Dear Friends,

Each year, on the Sunday following Pentecost, the church celebrates the feast of the Holy Trinity.
A mystery. A concept that is difficult to understand. Yet, the Trinity is at the very heart of the Christian understanding of God. It is Jesus who reveals the Trinitarian notion of God to us. Our friends who are not Christian could never even begin to approve a notion that God is one and God is three. Perhaps even many Christians do not believe what the Church teaches, but rather have come up with their own version of three gods or one God with no separate persons. The mystery is simply hard to grasp.

Trinity—the very word tends to move us from the everyday world of concrete experience to the world of the eternal and the abstract. For those of you my age, when I mention the Trinity, your thoughts probably summon images of shamrocks and triangles scribbled on blackboards by nuns helping us imagine how three and one could possibly go together. The word “Trinity” evokes some heavy-duty philosophy with big words that make no sense. The word tends to move us from the heart to the head, and away from prayer to the complex teaching of the catechism. But the mystery of the Trinity should instead move us into the wonder of God and into the inner dwelling of God, not away from God.

Christians believe in one God and only one God. But the heart of Christianity is the belief that this one God is three Persons, the Father, and the Son, and the Holy Spirit. If we are counting, we count only one God, but when we count divine Persons, we count three. You can’t divide the one God into three more fundamental things which make up the one God. God isn’t a compound of anything more fundamental. One is all there is, when it comes to God, but you still have to count three. The three Persons of the Trinity are not anything else. They aren’t roles of God, or modes of God, they are just Persons, and there are three of them.

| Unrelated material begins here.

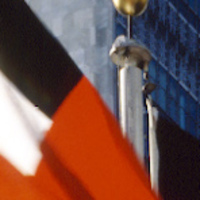 BM'den koronavirüs fonu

Jesus is the Word of God. Jesus is what God has to say. Jesus is God’s ultimate act of self-disclosure. Jesus is the true light which enlightens everyone. There is a common icon of Jesus that appears in the Eastern Churches; it is called the Pantokrator. In it, Christ holds a closed bible to say that he is the Word of God. Christ does not read the bible. He is the Bible. “Pantokrator” is the Greek translation of the Hebrew title El Shaddai, meaning “all powerful. This attribution to Jesus was important given the struggles in the early church to understand how Jesus was God. The Christ Pantokrator icons were symbols of the Nicene Council’s decision that Christ was co-equal and co-eternal with God. In some of the Christ Pantokrator icons you’ll notice that the eyes of Christ are asymmetrical. Actually it is more than the eyes – it is two different faces coming together. This icon represents both the humanity and divinity of Jesus. His right hand is raised in a teaching gesture with his fingers separated into a twosome and threesome to command faith in the two natures of Christ and the three persons of the Trinity.

In Jesus, we worship a God whose word is expressed in human flesh. And what is revealed is this: our God is a relational being, a personal reality. In God there is a mutuality of knowing and loving, of being known and being loved. As persons, with our own insatiable desire for knowledge and love, we are adopted into this interpersonal reality of God and called to share it with others.